▸ Exercise goal
Exclude the pictures, then repeat the remaining data exactly.

▸ Dataset extract
+---+

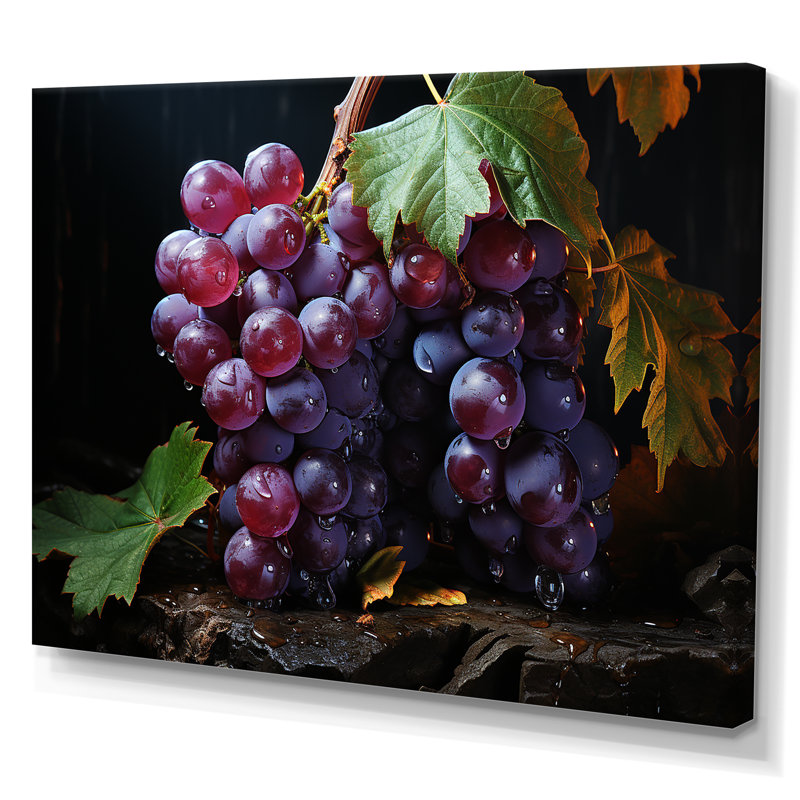 Fruits, raisins royaux, vignoble III - fruits, art mural, H 12 po x l 20 po x P 1 po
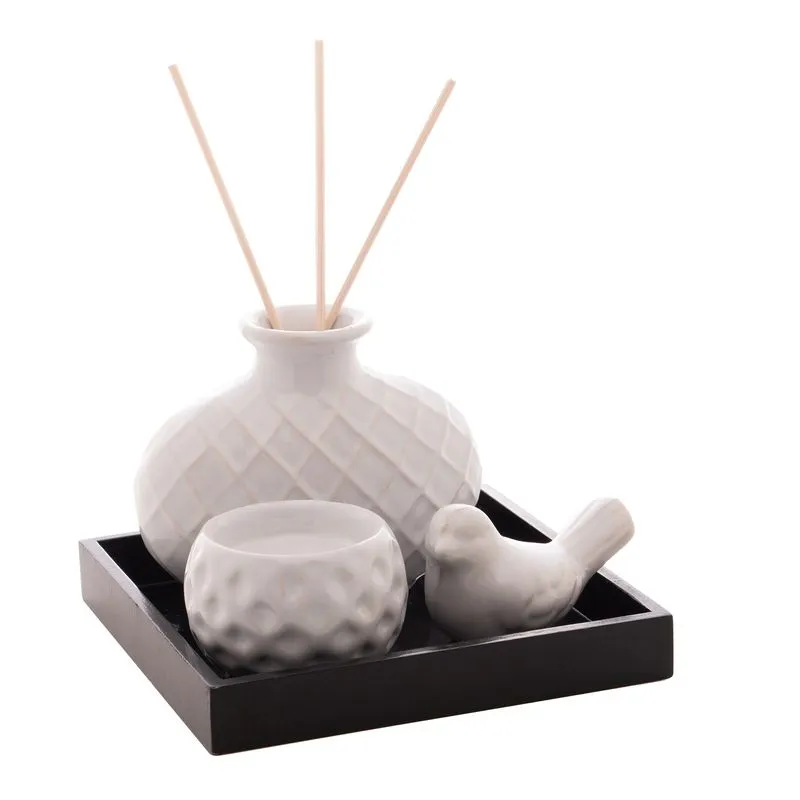 Kit Difusor De Ambiente Cerâmico Branco E Preto 4 Peças Hl House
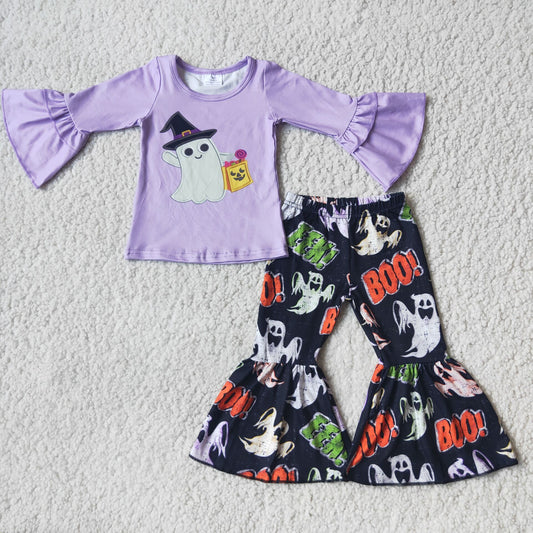 (Promotion) 6 A19-12 Purple Cute Ghost Top Bell Pants Girls Halloween outfits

+---+

▸ Response
 Fruits, raisins royaux, vignoble III - fruits, art mural, H 12 po x l 20 po x P 1 po
 Kit Difusor De Ambiente Cerâmico Branco E Preto 4 Peças Hl House
 (Promotion) 6 A19-12 Purple Cute Ghost Top Bell Pants Girls Halloween outfits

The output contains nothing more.